10 WAYS TO DESIGN A BETTER CITY
Imagine you live in one of the major metropolises in the world. Beijing, Istanbul, Lima. London, Rotterdam, New York. Culturally diverse and geologically distant from each other, globalisation, however, has reshaped the way cities function, where resources and ideas flow freely beyond the restriction of distance and languages.
The debates of the pros and cons of globalisation have been around for a while. The doubt is mainly around the U.S. hegemony, or the American style of urban development. However, if we can recognise all the great ideas and innovations in other parts of the world, and implement them in places in need, globalisation may eventually do good for all of us.
When you walk around the “Design of the year 2015″ exhibition at Design Museum in London, you may awe at how new designs which combine innovative ideas and the cutting edge technologies can benefit cities around the world. Those designs aim to improve everyday life and are transferrable in cultures and locations. More importantly, many designers bear in mind creating more sustainable cities for their dwellers.
10 WAYS TO DESIGN A BETTER CITY
text Chen Shanshan /// editor TS
1、Loopwheels – TRANSPORT
Now, imagine you are taking a walk or ride in a megacity, wherever it is in the world…
Your cool new city bike is equipped with Loopwheels, a new kind of shock absorption wheels with a spring system made of three carbon composite loops in replacement of the spokes inside the wheels. The carbon composite springs allow the hub to float within the rigid rim of the wheel, constantly adjusting to the terrain, but are stiff enough to be driven like a normal wheel. So, you shall never worry about go up or down a kerb and go over bumps and potholes.The wheels can also be used on wheelchairs.
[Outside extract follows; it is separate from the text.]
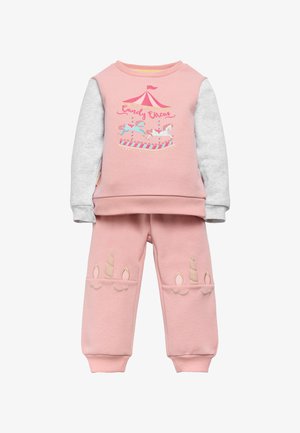 Sudadera rosa con mangas grises que presenta un gráfico de carrusel, combinada con pantalones rosas adornados con acentos de cuerno de unicornio en beige.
（designed by Sam Pearce for Jelly Products / Photography: Mirren Rosie）
（Pictures from internet）
2. Google Self-driving Car – TRANSPORTATION
Not feeling active? Then you may want to take a ride on your Google self-driving car. Hopefully you will soon be used to this cutie that has no steering wheel or pedals. Fully controlled by Google’s software and hardware, Google self-driving car makes the journey as simple as pushing a button.
designed by YooJung Ahn (Lead Industrial Designer), Jared Gross (Industrial Designer), Philipp Haban (Industrial designer) / Photography: Courtesy of the designers）
3. Markthal Rotterdam, Rotterdam, the Netherlands – ARCHITECTURE
You walk to the market for some fresh food. Located in the center of Rotterdam, Markthal Rotterdam is the first covered food market of the Netherlands. The market itself hide under an unusual “n” shaped residential building with 228 flats, whose residents has a view either towards the historic Laurenskwartier, or towards the market through windows or a glass floor made of sound and smell proof triple glazing.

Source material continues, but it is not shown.